Blessed Be To You Too
Joe


----------



## Exile182 (Jan 26, 2013)

Hrrmm ok


----------



## Randy Stone (Jan 2, 2008)

Quote: I dont think i need to chill, I said nothing wrong, I just stated something simple and I had to defend the fact that things where miss said or interpreted, that is all. 

So you had to defend your response. Why, because people take things as they read it differently. 

Then Joe says, Quote: What matters is that you know that I didn't mean to offend you. Once again people take things as they read it differently. 

The longer this thread gets the crazier responses you're going to get as some read the last page of the thread and jump in stating their points of veiw on the subject without knowing everything that has been said in the whole thread. 

I still believe it all comes down to people with thin skin and those with thick skin. 

Those with thin skin typically find the negative in everything. Those with thick skin will over look most comments they think to be against their beliefs. Yes, there are those in the middle. 

In another thread about coal hoppers, Charles said a paticular photo posted wasn't appropriate to the discussion. I asked Charles how he came to that conclussion. To my knowledge, Charles didn't get offended by my questioning.
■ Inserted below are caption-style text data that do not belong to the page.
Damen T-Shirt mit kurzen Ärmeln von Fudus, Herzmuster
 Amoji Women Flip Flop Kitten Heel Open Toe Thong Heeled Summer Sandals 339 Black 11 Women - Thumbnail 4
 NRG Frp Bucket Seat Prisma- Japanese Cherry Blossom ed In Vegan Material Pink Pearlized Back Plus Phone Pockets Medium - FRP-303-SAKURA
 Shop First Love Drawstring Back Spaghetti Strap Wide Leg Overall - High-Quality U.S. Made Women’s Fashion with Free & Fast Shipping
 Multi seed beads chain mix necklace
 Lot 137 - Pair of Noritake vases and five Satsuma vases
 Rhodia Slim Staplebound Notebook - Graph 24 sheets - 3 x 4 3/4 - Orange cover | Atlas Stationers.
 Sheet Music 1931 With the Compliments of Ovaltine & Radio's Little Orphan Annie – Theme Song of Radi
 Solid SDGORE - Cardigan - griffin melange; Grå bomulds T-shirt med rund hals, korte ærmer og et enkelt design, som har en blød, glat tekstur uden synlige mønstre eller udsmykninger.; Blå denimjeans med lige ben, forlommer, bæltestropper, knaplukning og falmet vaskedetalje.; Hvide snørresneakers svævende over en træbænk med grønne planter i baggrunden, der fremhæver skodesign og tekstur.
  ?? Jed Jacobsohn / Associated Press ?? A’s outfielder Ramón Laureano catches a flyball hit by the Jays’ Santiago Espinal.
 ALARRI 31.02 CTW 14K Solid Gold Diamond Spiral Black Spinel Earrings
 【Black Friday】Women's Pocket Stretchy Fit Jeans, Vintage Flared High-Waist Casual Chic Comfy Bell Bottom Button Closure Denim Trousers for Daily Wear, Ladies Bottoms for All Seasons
He stated why he felt it wasn't a good choice. 

We all have to remember that this website has hobbist of different mind sets. 

There are those that simply feel their trains are mear toys. 

Then you have those that want everything exactly to scale as the prototype was. 

Me, I consider myself as being in the middle, but I'm sure the some of the rivit counters may well feel there is no middle ground in their mind. 

For me, I am having fun with what I have and that is what you should be doing.


----------



## gra2472 (Mar 1, 2009)

You are all acting like children, grow up. This is a public forum, its like being in the bar and having a conversation everybody can hear all at once and we all get a chance to respond. If you pose a question to the room you are opening yourself up to anything and everything that anybody has to say whether they agree with you or not. If you can't handle it or if you have thin skin stay away from open forums. I agree that there are some snarky people out there and many people take their hobby way to seriously but thats their business not yours or mine. There are things that I have done with my trains that people have criticized me for but this is art. It is meant to be creative and expressive of how you view the world. You do as you see fit and if somebody online in a public forum thinks you screwed up, big deal, suck it up and move on. These trains are toys and the level to which you want to play with them is your business, but remember that in the end this is a play thing meant to occupy otherwise wasted time. I think it important to remember too that some folks are better writers than others, and some have better communication skills of simply have more tact that others but the vast majority simply don't give a damn how you feel about what they say, they have their big boy pants on. Here's how it works; You ask, they answer, you live with the consequences of those answers. You have to own your question or topic and the answers you get whether they be good, bad, mean, sarcastic, or humorous. DON'T PUT YOURSELF OUT THERE IF YOU CAN'T HANDLE THE CRITICISM! Sure it sucks when I post a picture about something that I like but somebody else doesn't, but as far as I care they are expressing their opinion and they have a right to it. Everybody is a critic so live with it. If we remove the criticism and just go around telling ourselves we are wonderful and never voice our opinions than what is the point of being expressive? I hope somebody will like my railroad, but if they don't they can go suck eggs.


----------



## Charles (Jan 2, 2008)

Posted By rlvette on 11 Feb 2013 09:06 AM 
Quote: I dont think i need to chill, I said nothing wrong, I just stated something simple and I had to defend the fact that things where miss said or interpreted, that is all. 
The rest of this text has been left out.